Un nouveau rapport, publié par le Centre d'évaluation de l'éducation de la Finlande, dresse un tableau complet du parcours des étudiants pour entrer, suivre et sortir de l'enseignement supérieur avec plus de facilité et de possibilités. Dans le cadre du projet de recherche mondial de l'IIPE-UNESCO "ODD 4 : planification de parcours d'apprentissage flexibles dans l'enseignement supérieur", le rapport propose des recommandations politiques fondées sur des données probantes au ministère de l'Education et de la Culture et aux établissements d'enseignement supérieur. Celles-ci visent à améliorer l'expérience d'apprentissage de tous les étudiants et à combler les écarts en matière d'équité. 

La volonté de ne laisser personne à la marge est au cœur du système d'enseignement supérieur finlandais. Avec 13 universités publiques et 22 universités de sciences appliquées, entre autres, l'enseignement supérieur s'efforce d'offrir des chances égales à tous les citoyens, indépendamment de leur sexe, de leur origine socio-économique ou de leur situation géographique. Pour soutenir cet engagement - et renforcer l'équité - les parcours d'apprentissage flexibles ont émergé comme une orientation politique clé pour le secteur. 

Nous nous sommes entretenus avec Sirpa Moitus, l'un des auteurs du rapport, conseiller en évaluation au Centre finlandais d'évaluation de l'éducation, au sujet de la multitude d'avantages qui en découlent pour les établissements et les étudiants. 

Y entrer

Chaque année, quelque 150 000 candidats se disputent 50 000 places dans l'enseignement supérieur, qui est gratuit pour tous les étudiants finlandais et les citoyens de l'Union européenne et de l'Espace économique européen.

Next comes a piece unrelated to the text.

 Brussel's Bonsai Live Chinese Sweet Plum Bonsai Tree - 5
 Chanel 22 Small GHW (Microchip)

S'il doit y avoir suffisamment de places pour tous les candidats qui vont à l'université pour la première fois, ces derniers sont également en concurrence avec ceux qui passent un second diplôme, ou les candidats qui ont des demandes multiples, en particulier dans des domaines compétitifs comme la médecine et le droit. Par conséquent, deux tiers des candidats se retrouvent sans affectation chaque année. En réponse à ce défi complexe, les parcours d'apprentissage flexibles commencent à ouvrir de nouvelles perspectives dans le monde de l'enseignement supérieur. 

"En raison de mes faibles notes au lycée, je pensais que je n'étais pas assez bon pour les études supérieures. Mais, lorsque j'ai commencé les cours de l'Université Ouverte, j'ai travaillé dur et j'ai pu y arriver. Et, maintenant que je suis un doctorant, cela m'a ouvert un tout nouveau monde. Cela a changé mon monde". - Un ancien élève de l'Université Ouverte cité lors d'un groupe de discussion pour le rapport.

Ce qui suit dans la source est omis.